FNMA was part of the New Deal's trinity of housing agencies--the other two being the Home Owners Loan Corporation and the FHA-agencies that Roosevelt created in order to literally create the modern mortgage system. Before the New Deal, there were no long term, self-amortizing mortgages. The loan was due and payable at the end of the term--usually five years--and if you couldn't persuade a bank or savings-and-loan to roll it over, you lost the house. After foreclosures exploded during the Depression, Roosevelt invented a whole new system. FNMA's job was to buy approved mortgages from banks, to replenish their working capital, so that they could make more mortgages. As the biggest buyer, FNMA also maintained standards.

The system worked like a fine watch. Homeownership rates soared. Loan standards were generous but not stupid. Nobody in the home mortgage business got filty rich. And mortgage lenders hardly ever went broke. The government's bank insurance funds regularly turned a profit. And here's a quaint, archaic concept: it operated in the public interest.

Then in 1968, as part of a general budget reform, government technocrats decided to get FNMA off the government's books.

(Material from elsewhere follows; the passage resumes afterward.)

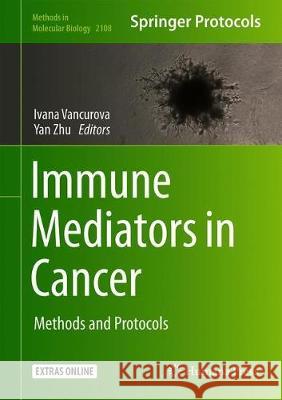 Immune Mediators in Cancer: Methods and Protocols Vancurova, Ivana 9781071602461 Humana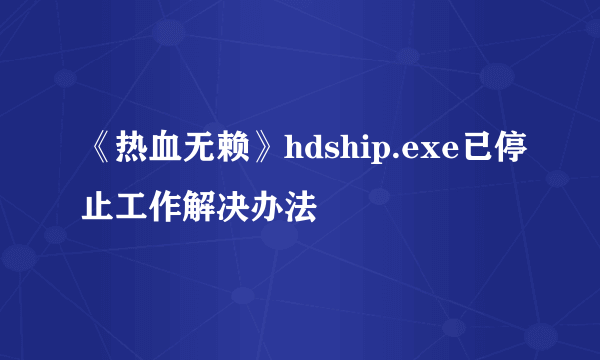 《热血无赖》hdship.exe已停止工作解决办法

This was intended as a purely technical revision. It was tacitly understood that Fannie was to keep doing the same thing it always did--buy mortgages from banks, turn them into securities, keep some, sell others, but maintain its standards and service to the public good.

It took about two decades for the wise guys to realize that there was big money to be made. And I am sorry to report that this was a bipartisan trough. In the Clinton era, many of the wiseguys at FNMA were Democrats.

Criticism was limited to the right and left. The Wall Street Journal and libertarian think-tanks regularly warned that Fannie was getting too big and too speculative with an implicit government guarantee. A few progressives like your faithful writer objected that FNMA's true purposes were being perverted and the system was being put at risk so that insiders could get very rich.

After 2000, Fannie also served to abet the sub-prime mess. For the most part, Fannie refused to buy the very worst sub-prime loans, but it was happy to buy so called "Alt-A" loans, which were a slightly milder version of the same abuse-very risky loans with exorbitant interest costs (and profits) and almost non-existent standards, that are now going into default at almost the same rate as sub-prime.

Under private management, Fannie did a 180. It was perverted from a government-sponsored and well managed agency that served the public interest into a privatized casino whose big bets enriched a few insiders and then helped crash the entire system.

So now, the Bush administration is playing half-of-FDR. It is saving capitalism from itself as Roosevelt did--but without getting serious about regulatory standards going forward. The taxpayers will bail out Fannie, but the rules for regulation of the mortgage system have yet to be written. That will await the next administration. And if the next administration is led by John McCain, the top financial guy is likely to be former Senator Phil Gramm, the senate's biggest cheerleader for reckless deregulation.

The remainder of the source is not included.